I have just found that my application for EPSRC-funding has been successful. I have been awarded funding via their “first grant” scheme. The grant will buy me out of 50% of my teaching and admin duties, thereby allowing me to focus on the problem of proving “The Product Decomposition Conjecture”.

The case for support document from my grant application gives details of this conjecture, its importance, and the strategies that I hope to employ to work on it.

Excitingly, the university has agreed to fund a PhD student as part of this research. I just drafted a short description of what the PhD would be about, and I’ll post this below. (Note that this description might be edited a little over the next few days. In any case, it should give an idea of what the project will be about.) If you are interested, please get in touch!

This programme of research is within the study of finite group theory (although some investigation of linear algebraic groups may also be involved).
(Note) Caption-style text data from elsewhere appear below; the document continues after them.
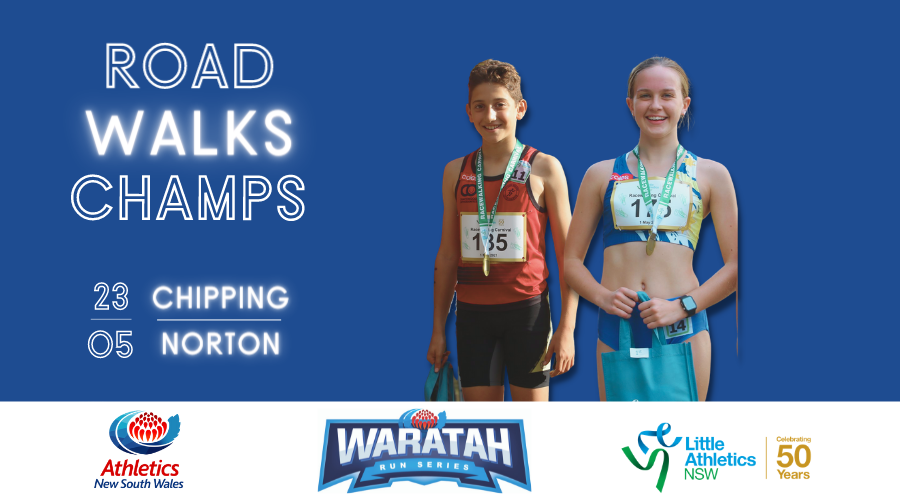 Little Athletics NSW is excited to co-host the 2021 Road Walks Championships with <a href="/athleticsnsw/">Athletics NSW</a>

The Championships will be held at Angle Park Chipping Norton, Sunday 23 May.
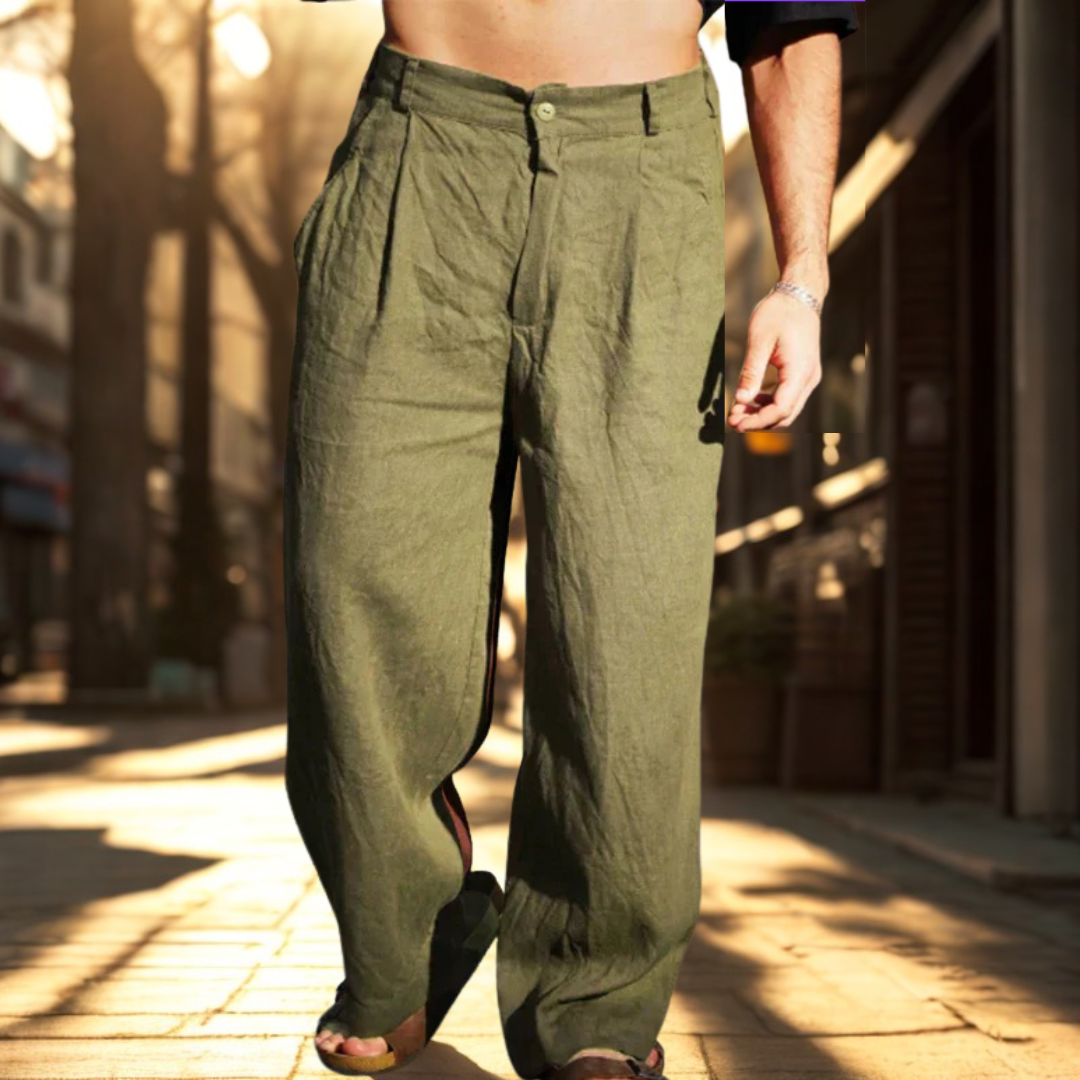 Cardiff ™ | Somerset Linen Trousers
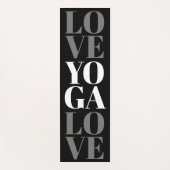 Tapis de yoga noir et blanc cool pour entraînement (Devant)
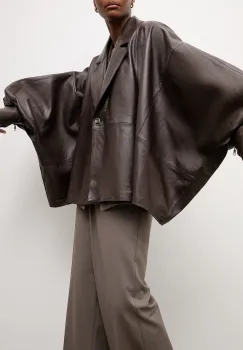 Answear.LAB geaca oversize pentru femei, din piele BALO Unscripted Collection imagine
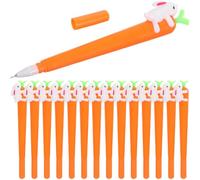 GLSTOY 15Pcs Cute Rabbit Carrot Gel Ink Pens 0.5Mm Kawaii Cartoon Writing Pens for School Office Easter Stationery Set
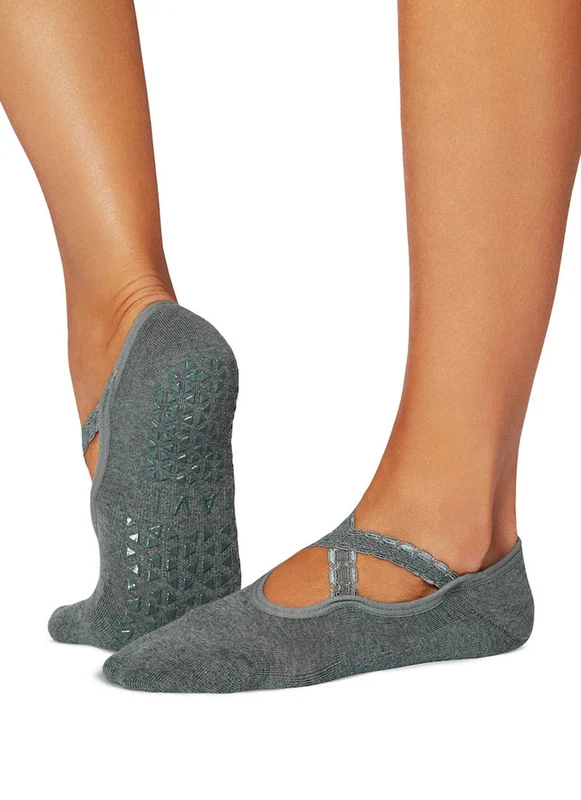 Tavi Chloe Barre Grip Socks Sage Green / S
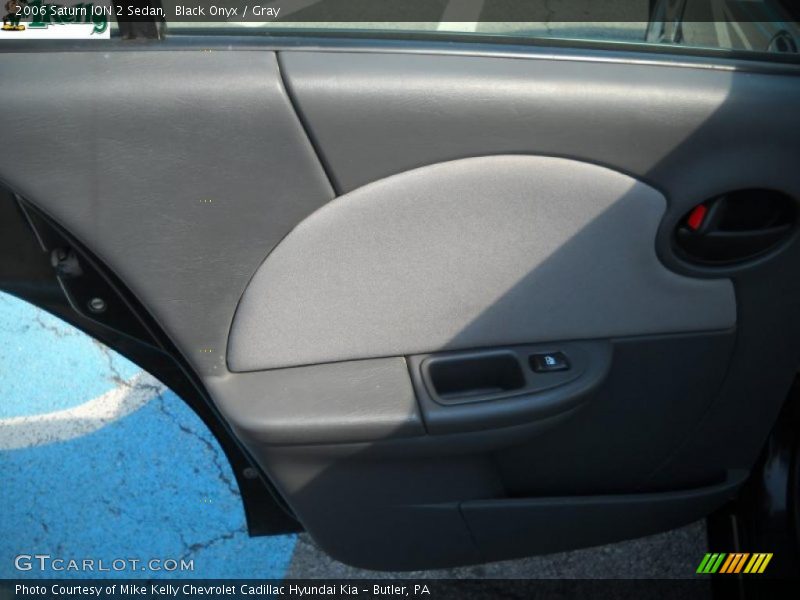 Black Onyx / Gray 2006 Saturn ION 2 Sedan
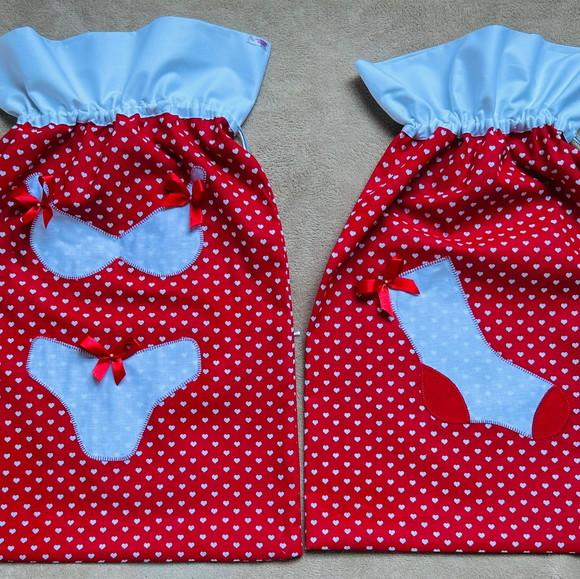 Kit Porta Lingerie e Porta Meias para Viagem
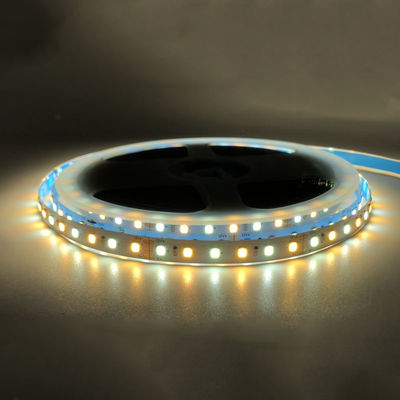 Éclairage à bande LED à haute luminosité 12V 8mm 120 leds SMD2835 avec carte CCT double face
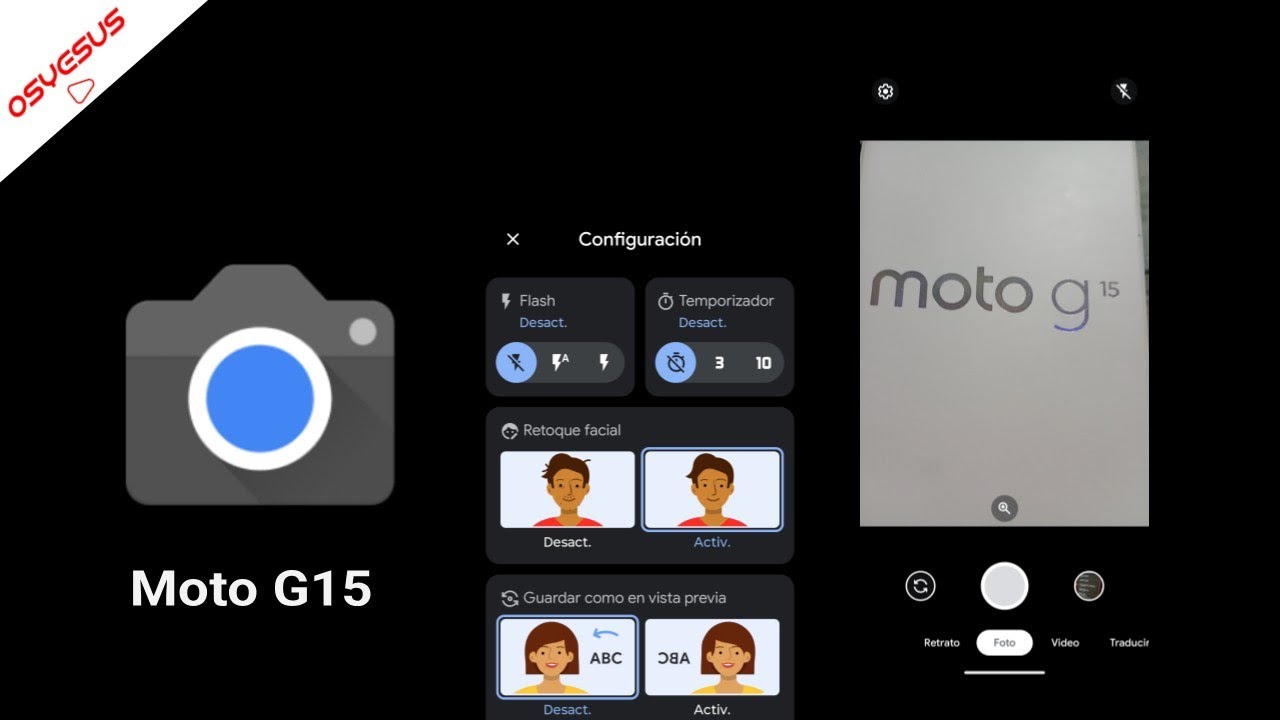 Probando GCam en Moto G15 con Android 15: sí funciona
The aim is to prove, or partially prove, the Product Decomposition Conjecture which concerns “conjugate-growth” of subsets of a finite simple group: roughly speaking, given a finite nonabelian simple group G and a subset A in G of size at least 2, we would like to show that one can always write G as a product of “not many” conjugates of A.

This notion of conjugate-growth has interesting connections to many interesting areas of mathematics, including expander graphs, the product growth results of Helfgott et al, bases of permutation groups, word problems and more.

In the process of working on this conjecture, the student can expect to learn a great deal about the structure of finite simple groups (especially the simple classical groups) and, in particular, will study and make use of one of the most famous theorems in mathematics, the Classification of Finite Simple Groups.